- UK DVD cover

Chinese name
- Traditional Chinese: 荷京喋血
- Simplified Chinese: 荷京喋血
- Literal meaning: Bloodshed in Holland

Standard Mandarin
- Hanyu Pinyin: Héjīng diéxuè

Yue: Cantonese
- Jyutping: Ho^{4}ging^{1} Dip^{6}hyut^{3}
- Directed by: Robert Clouse
- Written by: Robert Clouse; Gregory Teifer; ;
- Produced by: Andre Morgan
- Starring: Robert Mitchum; Richard Egan; Leslie Nielsen; Bradford Dillman; Keye Luke; ;
- Cinematography: Alan Hume
- Edited by: Gina Brown; Allan Holzman; ;
- Music by: Hal Schaefer
- Production company: Golden Harvest; Fantastic Films; ;
- Distributed by: Golden Harvest (HK); Columbia Pictures (US);
- Release dates: 26 December 1977 (Denmark); 23 February 1978 (HK); 3 March 1978 (US);
- Running time: 90 minutes
- Countries: Hong Kong; United States;
- Language: English

= The Amsterdam Kill =

1977 Hong Kong-American film by Robert Clouse

The Amsterdam Kill (荷京喋血 (荷京喋血, Bloodshed in Holland)) is a 1977 action thriller film directed and co-written by Robert Clouse, and produced by Andre Morgan for Golden Harvest. It stars Robert Mitchum, Richard Egan, Leslie Nielsen, Bradford Dillman and Keye Luke. Mitchum portrays an disgraced ex-DEA agent who is hired to takedown an international drug cartel.

==Plot==
Former DEA Agent Quinlan, removed from the force some years earlier for stealing confiscated drug money, is hired by Chung Wei, a leader in the Amsterdam drug cartel, who wants out of the business. Quinlan's job is to use Chung's information to tip DEA agents to drug busts, thereby destroying the cartel. But when the first two "tips" go awry, resulting in murdered DEA officers, the feds must decide whether to trust Quinlan further.

== Production ==
The Amsterdam Kill was the second of seven films American director Robert Clouse made for Hong Kong studio Golden Harvest, beginning with 1973's Enter the Dragon. Filming took place on-location in Hong Kong, Amsterdam, Utrecht, and London.

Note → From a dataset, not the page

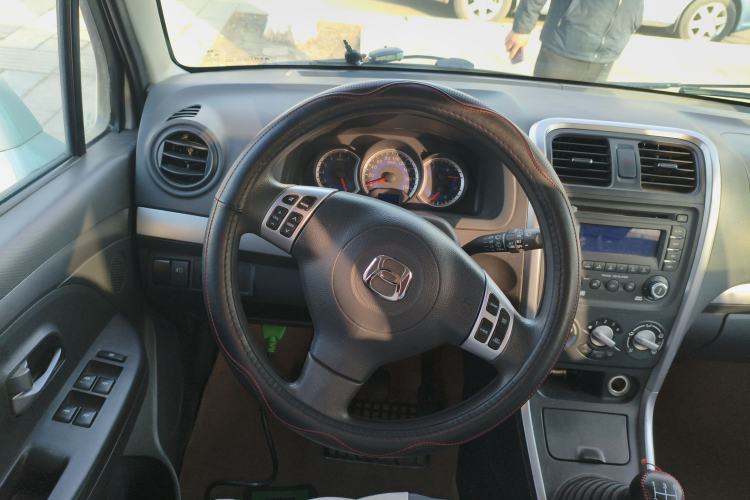 Used Suzuki Wagon R X5 2013 Cruise Edition 1.4L VVT Standard Model Steering Wheel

Sammo Hung was the film's action choreographer.

== Release ==
The film was first released in Denmark on December 26, 1977. It premiered in Hong Kong on February 23, 1978, and was released in the United States by Golden Harvest on March 3.

=== Home media ===
The Amsterdam Kill is set to make its Blu-Ray debut by 88 Films in the UK, in April 2026.

==Reception==

=== Critical response ===
Janet Maslin of The New York Times said the film "... has all the weariness of a genre movie but none of the comfortable familiarity. In a misguided attempt to appeal to an international audience, the film flits from London to Hong Kong to Amsterdam. ... There are so many shots of airports and train terminals that it begins to seem as if one has purchased a Eurail pass rather than a movie ticket. The film is so intent on taking place everywhere that its nervous geography becomes terribly jarring."